Skiers line up to board the Carpenter Express and Silver Lake Express lifts at Deer Valley Resort, Feb. 10, 2024.
Parker Malatesta
Skiers line up to board the Carpenter Express and Silver Lake Express lifts at Deer Valley Resort, Feb. 10, 2024.

Three HOAs are suing Park City over its decision to give up public right-of-way on a portion of Deer Valley Drive.

In December the Park City Council unanimously approved Deer Valley’s request to vacate the right-of-way on about two acres of private land adjacent to the Snow Park base. The resort plans to use the land to build a new village with hotels and commercial space on the Snow Park parking lot.

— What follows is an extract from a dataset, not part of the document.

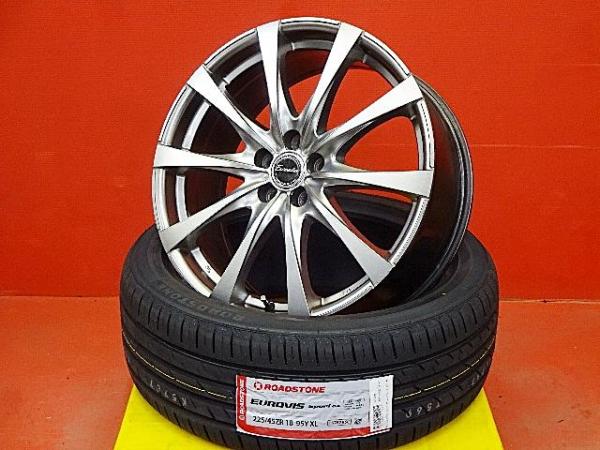 夏セール BMレガシィB4 225/45R18 夏タイヤアルミセット 中古 18X7.5 +53 5H100 新品 2026年製ROADSTONEロードストーンユーロヴィズスポーツ04 BM9 BMG BMM レガシィツーリングワゴン BR9 BRG BRM 225/45-18 225-45-18 BRレガシィ｜タイヤショップトレッド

Three Deer Valley area HOAs (American Flag, Pinnacle and Morning Star Estates) are now challenging that decision in Third District Court.

State law requires the council to find “good cause” to vacate a road. A letter of intent outlines a deal the city struck with Deer Valley to find that good cause.

Elements of the deal include a parking reduction, $15 million from the resort to build a transportation facility and a gondola that will connect Snow Park to Deer Valley’s new East Village base in Wasatch County.

The lawsuit claims the council’s finding of good cause was “arbitrary, capricious, and illegal.”

For months Park City Mayor Nann Worel and two liaisons from the city council negotiated privately with Deer Valley officials to find a fair exchange for giving up the road.

The lawsuit alleges those liaisons, Ryan Dickey and Max Doilney, prejudged the partnership agreement in a way that disqualified themselves from voting.

Attorney Eric Lee made that accusation on behalf of the HOAs during the last meeting on the project in December. The two councilmembers dismissed the claim.

“The idea that either of the liaisons had a predetermined outcome prior to starting this is unfathomable; we would not go into any negotiation with that in mind,” Doilney said at the December meeting. “Frankly, it’s a little bit offensive.”

Even if Dickey and Doilney would have abstained from voting, the other three councilmembers approved the deal.

Park City Municipal has yet to respond to the legal complaint in court. A city spokesperson said the process and vote “met all applicable legal standards.”

A spokesperson for Deer Valley said the resort is in talks with the city and HOAs, and “hope that any outstanding matters can be resolved amicably and to the satisfaction of all parties involved.”

The Snow Park project still has to go through the city’s planning commission for final approval.